Provincial environmental groups and First Nations communities fear that the Quebec government’s Plan Nord, a development project aimed at attracting investment into industrial activities in Quebec’s northern territories, will lead to severe environmental degradation.
The plan, which will be carried out over the course of 25 years, aims to stimulate investment in the region’s forestry, mining, hydroelectricity, tourism, and bio-food sectors. The area covered by the plan consists of 1.2 million square kilometers – 72 per cent of Quebec’s geographic area. According to government estimates, the plan is expected to create, on average, 20,000 jobs a year and bring in $80 billion in investments.
In an effort to limit the environmental impact of industrial activities, the government has vowed that by 2015, 12 per cent of the land covered by Plan Nord will be dedicated to the creation of protected areas. This area will gradually be extended so that by 2035, 50 per cent of the territory will be protected.
This provision, however, has incited criticism on several fronts. The Réseau québécois des groupes écologistes (RQGE) – a network of environmental groups in Quebec – has deemed this land protection proposal insufficient.

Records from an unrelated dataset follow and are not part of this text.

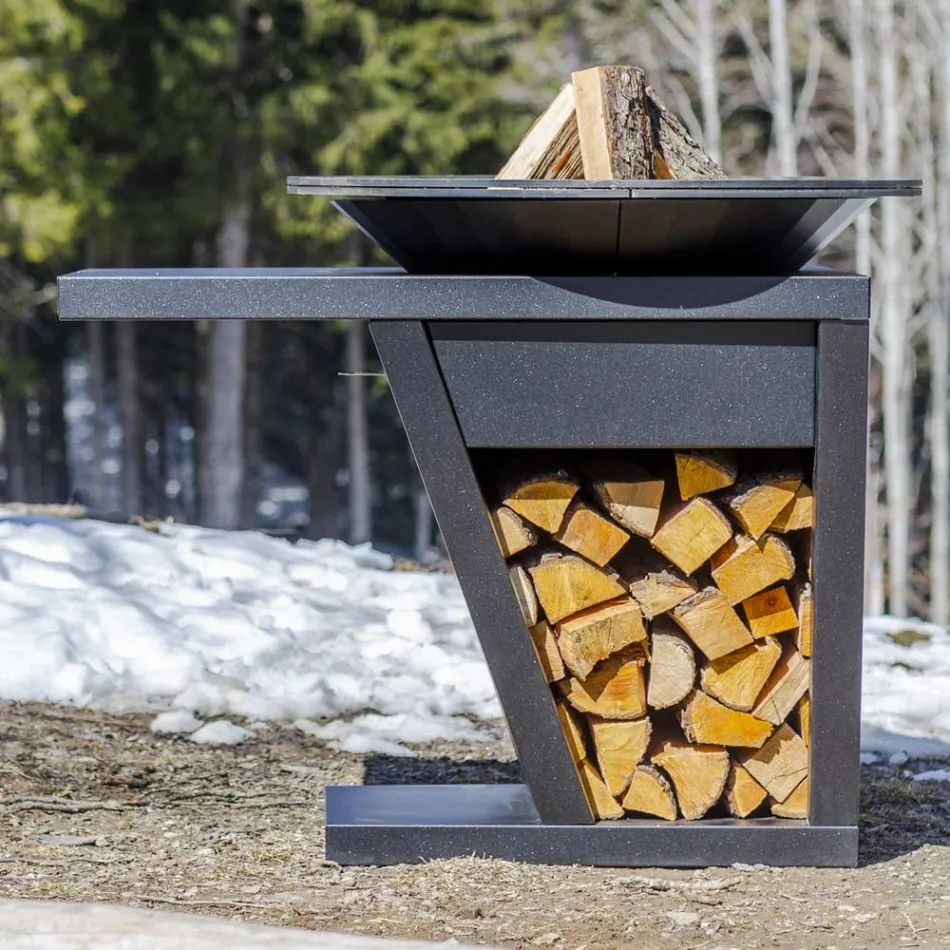 Med kogeplade og træholderrum - Giorgione Viadurini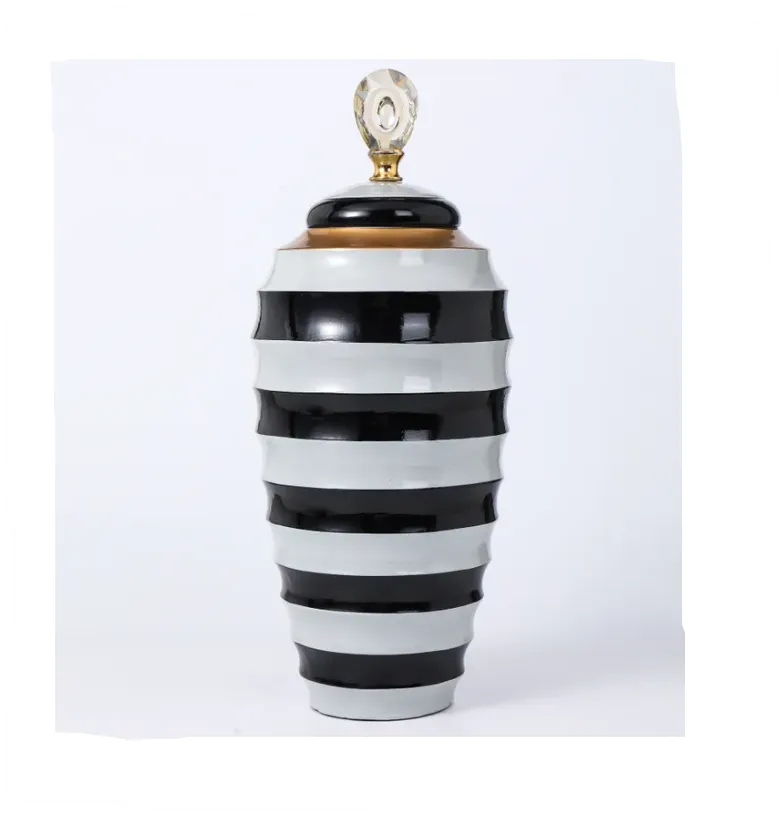 MonoLuxe Large Lidded Vase Stripe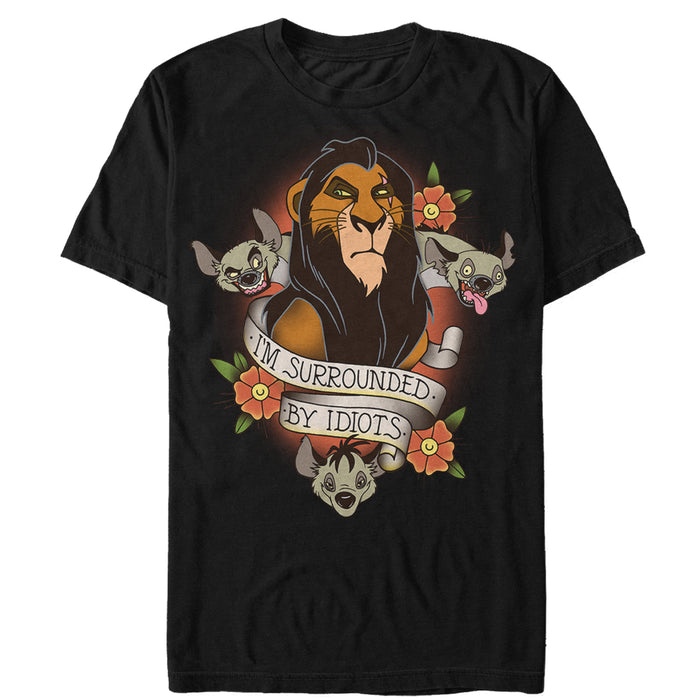 fifth sun Men's Lion King Scar Surrounded By Idiots Tattoo T-Shirt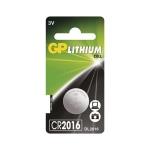 GP CR2016 – gombíková batéria, Li-Mn, 20 x 1,6 mm, 3 V, 90 mAh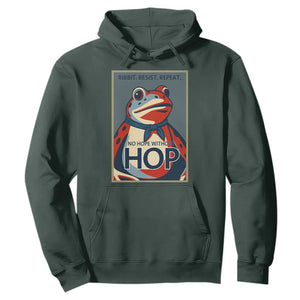 No Hope Without Hop Hoodie Ribbit Resist Repeat Resistance Frog Protest Pop Art Graphic TS02 Dark Forest Green Print Your Wear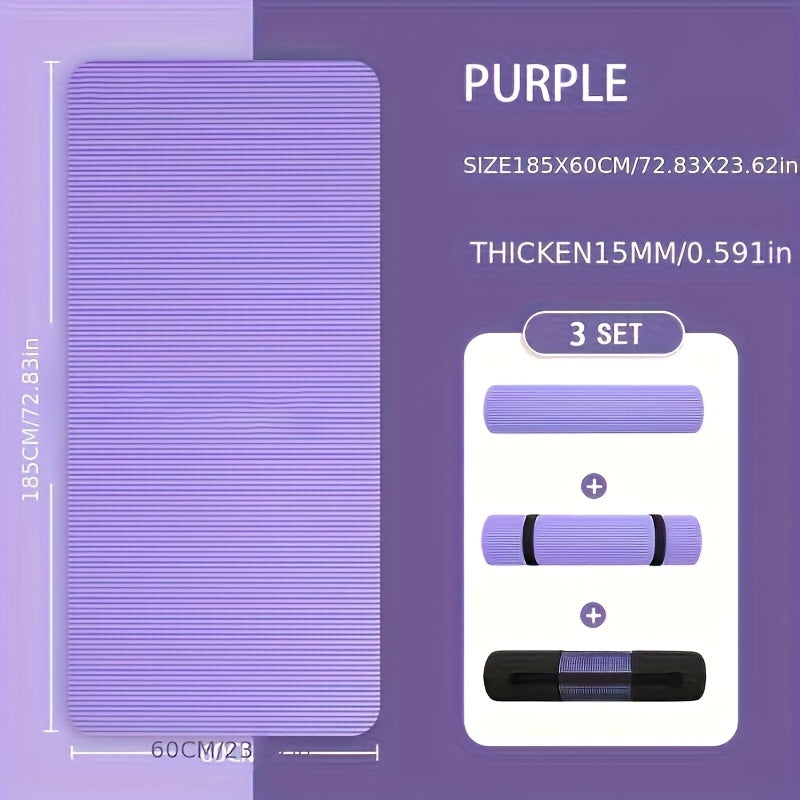 Thick Non-Slip Yoga Mat – High-Density NBR Exercise Mat for Yoga, Pilates & Gymnastics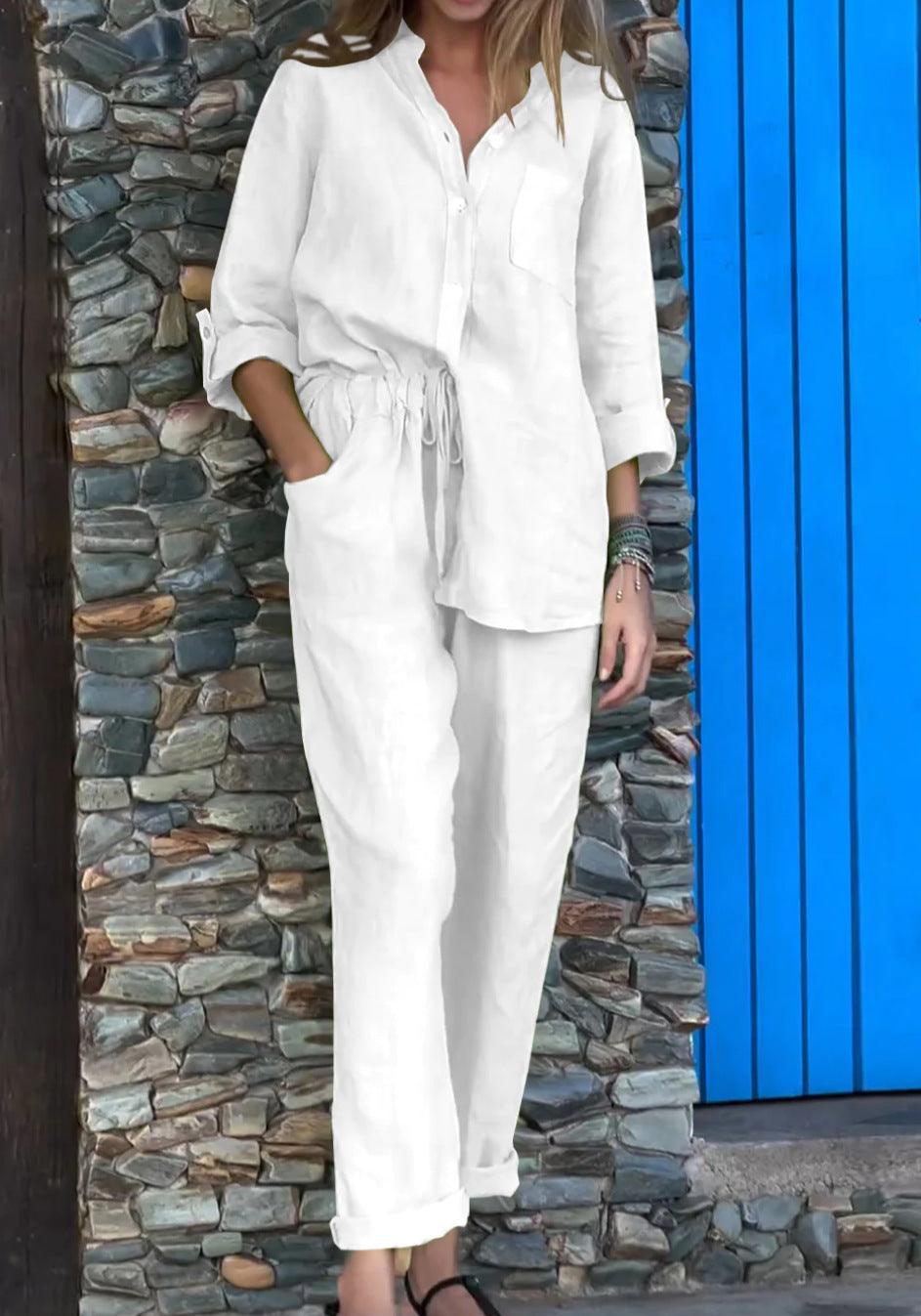 Liam | V-Neck Shirt & Trousers Set
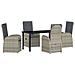 Set da Pranzo per Giardino con cuscino 5 pcs Grigio polyrattan - Foto miniatura 1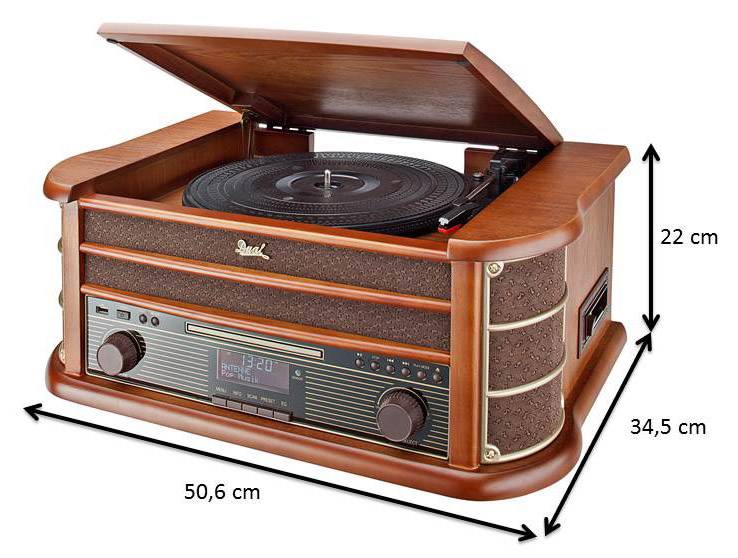 Dual NR 50 DAB Stereoanlage AUX, CD, Kassette, USB, Plattenspieler, 2 x 5 W Holz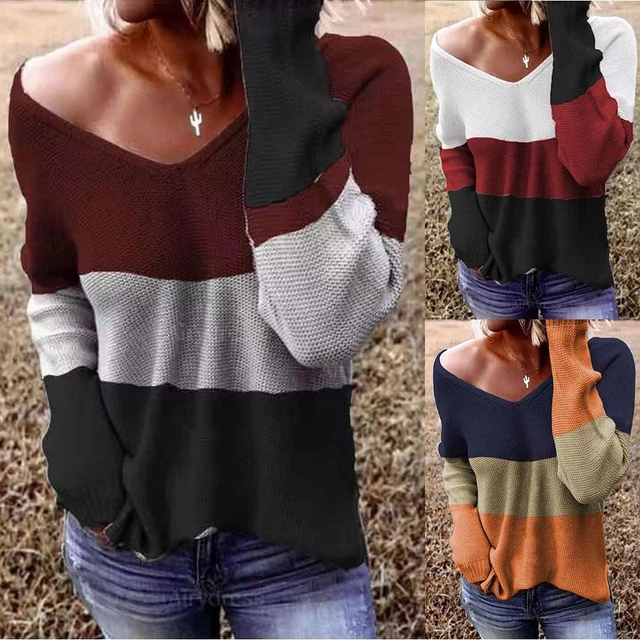 Chandail haut épaule sexy rayé pull haut col en V manches longues lâche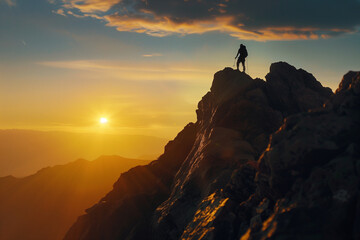 Triumphant Hiker Standing on Mountain Summit at Sunrise, Gazing into the Horizon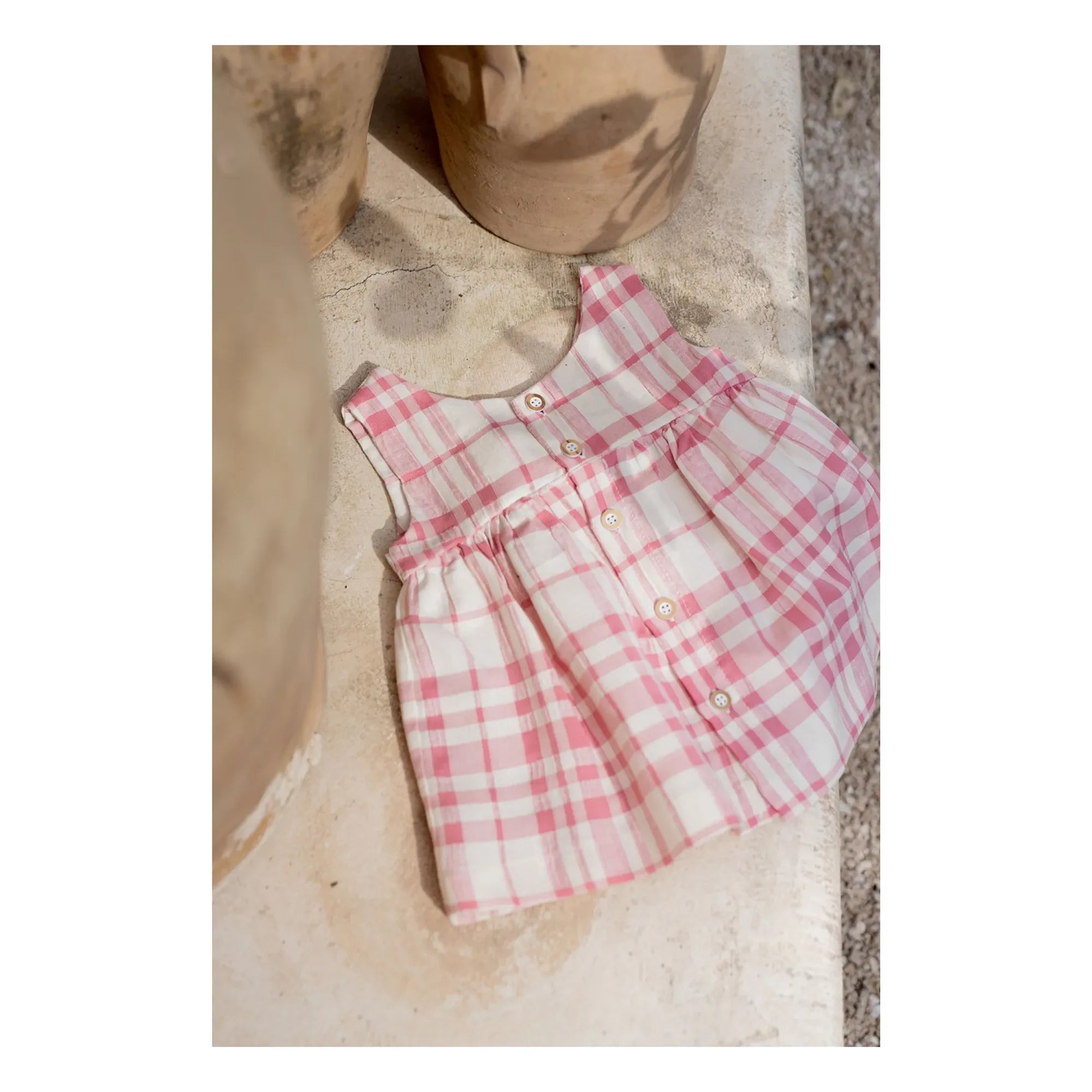 1+ in the family - Aranella Leinen Kariertes Kleid | Puder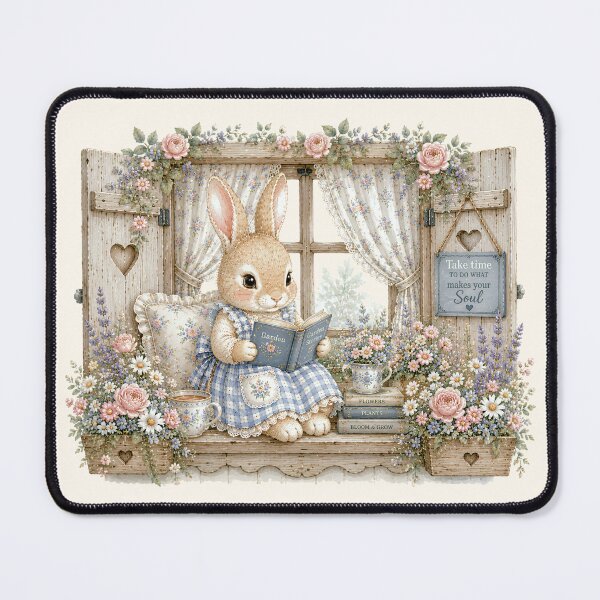 Item preview, Reading Bunny by the Cottage Window | Cozy Cottagecore Rabbit Illustration designed and sold by looplandger.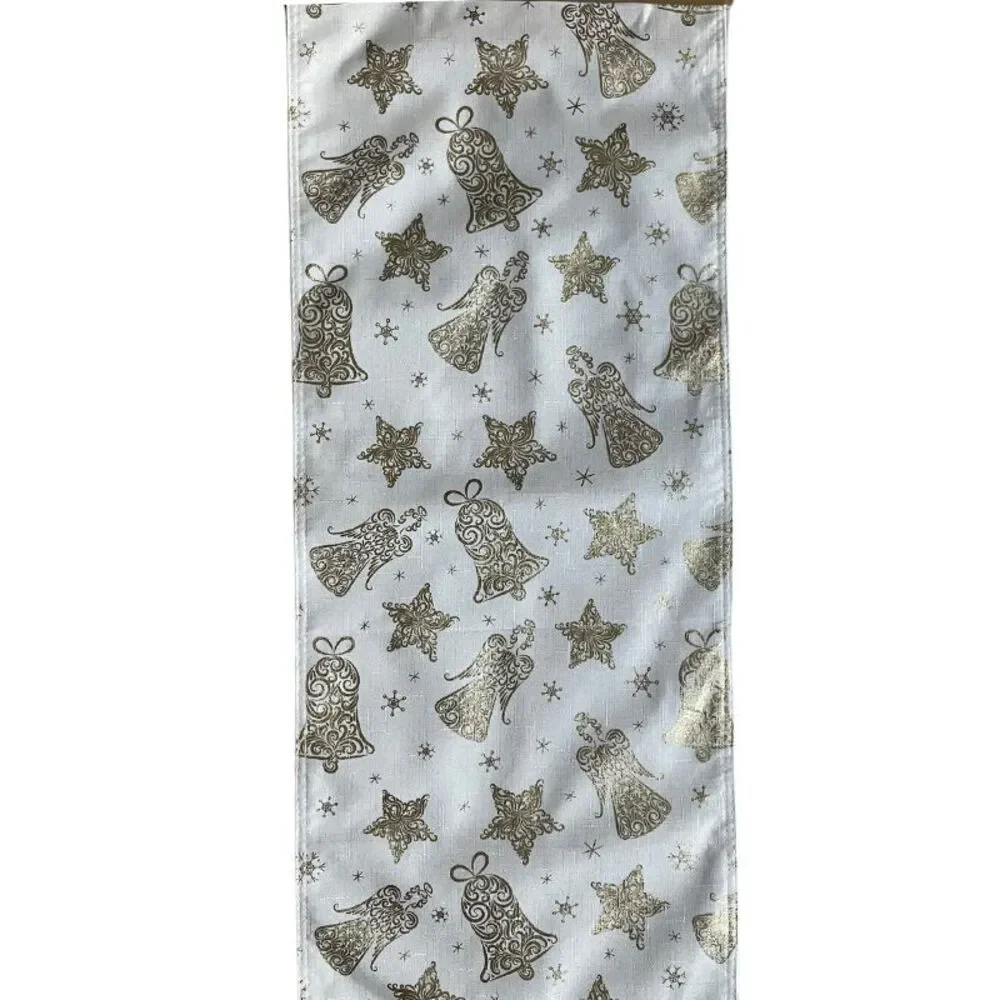 Christmas Table Runner 14 x 72 Decorative White and Gold Angel Chimes Polyester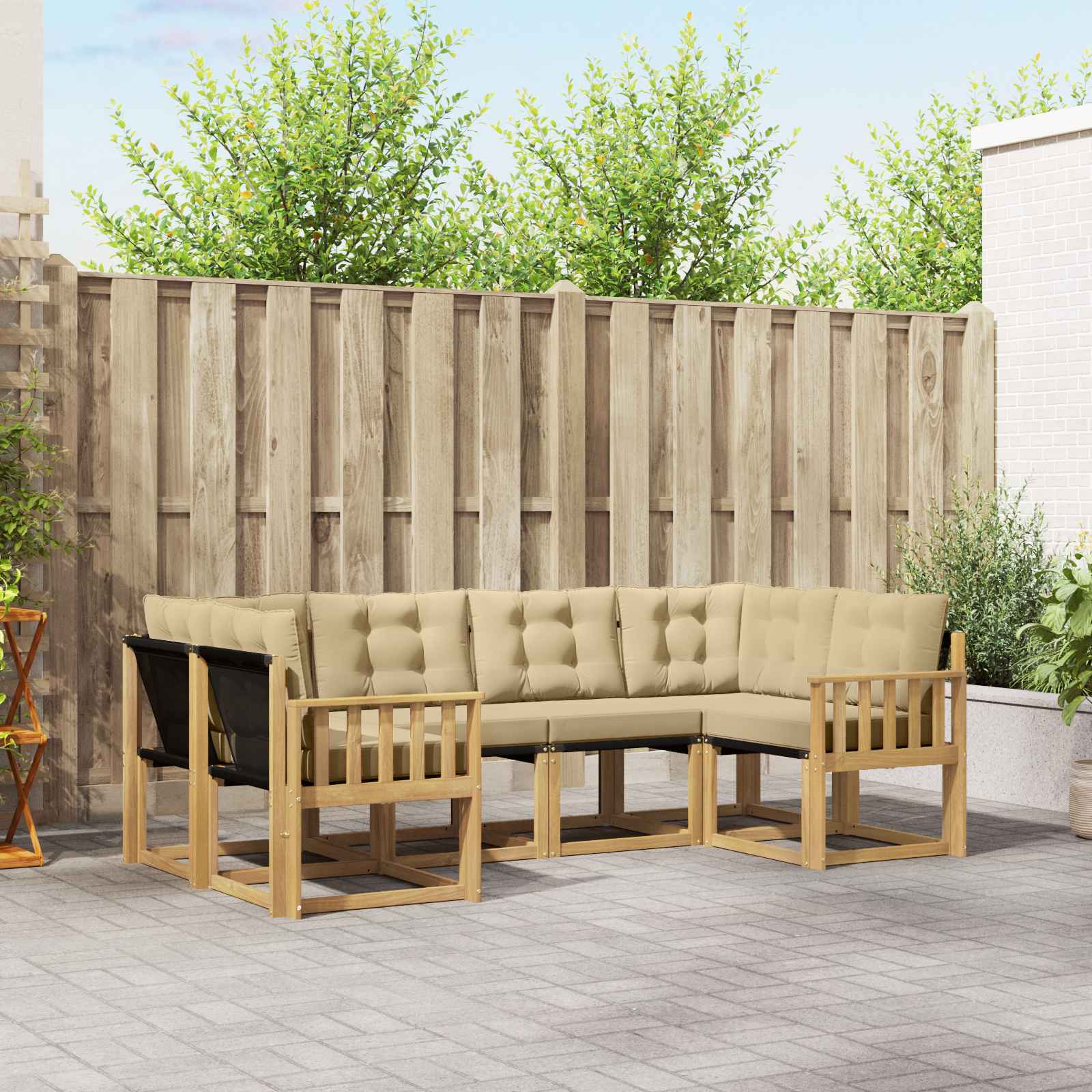 Outdoor-Sofagarnitur 6 stk. Weiß und Beige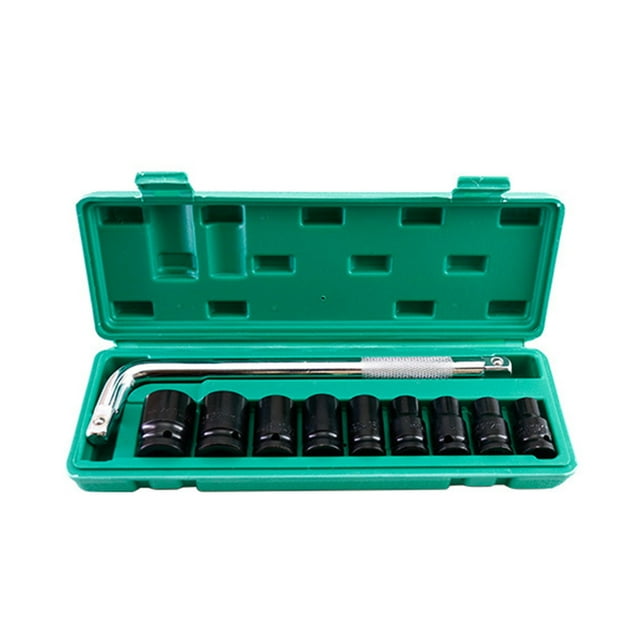 1/2 Inch Electric Wrench Socket Set - Includes 1 L-Shaped Wrench and 9 Sockets (10mm to 24mm) - 10-Piece Tool Kit D Version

“The first problem we have with [the plan] is that the fact that this 50 per cent number is somewhat arbitrary,” said Bruno Massé, general coordinator of the RQGE, in an interview with The Daily. “We see it more as a symbolic political number than anything else, because they present it as protecting half of the territory, which validates basically doing the exploitation of the other half.”
Similarly, several First Nations groups have expressed concerns about the impact of industrial development. The area covered by Plan Nord is inhabited by a number of First Nations communities, including the Inuit, the Innu, the Cree, the Naskapis of Schefferville, the Algonquin, and the Atikamekw.
Ghislain Picard, the regional chief of Quebec and Labrador in the Assembly of First Nations, told The Daily that, even though Plan Nord “offers great perspectives in terms of employment,” the government has not made enough efforts to protect the region’s environmental security.
“We’re very much concerned with the intentions expressed by the government, such as the commitment to have at least 50 per cent of that territory dedicated as a protected area,” said Picard. “The biggest question that comes after that is what becomes of the other 50 per cent? Is it all wide open for development? If that’s the case, then we’re not in favour of that.”
An additional critique is that even protected regions will still be open to certain development activities.
“Even if we were to just focus on that [protected] 50 per cent, we see that [the provincial government] still consider forest exploitation not to be an industrial activity,” said Massé. “They would also permit mining and exploration, tourism…and the construction of infrastructure, all within territories that are supposed to be protected.”
Massé also noted that the selection of protected areas would be susceptible to industrial interests.
“Basically, their plan is that, by 2035, they have to have this 50 per cent number, but to get there they’ll be switching around areas if they realize that there are resources that they hadn’t seen before,” he said. “It will be a whole mix and match, shifting things around, as long as, at the end, they can have their 50 per cent that will be fulfilling their goal.”
For many First Nations communities, this prioritization of industrial interests has drawn comparisons to past development projects.
“There are also memories of the past,” said Picard. “In Schefferville, it’s not the first time that mining companies have come to that area. To demonstrate that, around Schefferville, all you have is big holes…from the exploitation between the 1950s and the 1980s. People who live there, who have continued to live there despite the closure of the town, remember that. So there are very deep concerns about the environment.”
Though the government is accepting input from concerned groups in the form of public meetings and online communication, Massé argues that these steps are merely symbolic.
“Our input has not been valued at all ever since the beginning, and the biggest problem we have with these consultations is their lack in the basic principles of democracy,” he said. “If they’re asking us to voice our concerns, they should at least guarantee that these concerns are going to be taken into account…we can blow steam as much as we want, but we have no power whatsoever as to what they are going to do.”
Despite concerns, the project is likely to continue.
“The resources that we have up North were not worth much a couple of decades back because of the world context, but now we’re seeing a rise in demand and the resources are getting much more rare,” said Massé.
“We have to remember that before we try to tackle the subject because it’s happening on a much larger scale,” he added.
Massé warned that, if criticisms are ignored, the environmental security of Quebec’s territory could be threatened.
“We hope the people will start asking the right questions and try to change towards a more sustainable way of life,” he said. “We can only hope that this transition will be done voluntarily and peacefully before it’s too late, and not in a sort of catastrophic setting, which is what we’re headed towards if nothing changes for real.”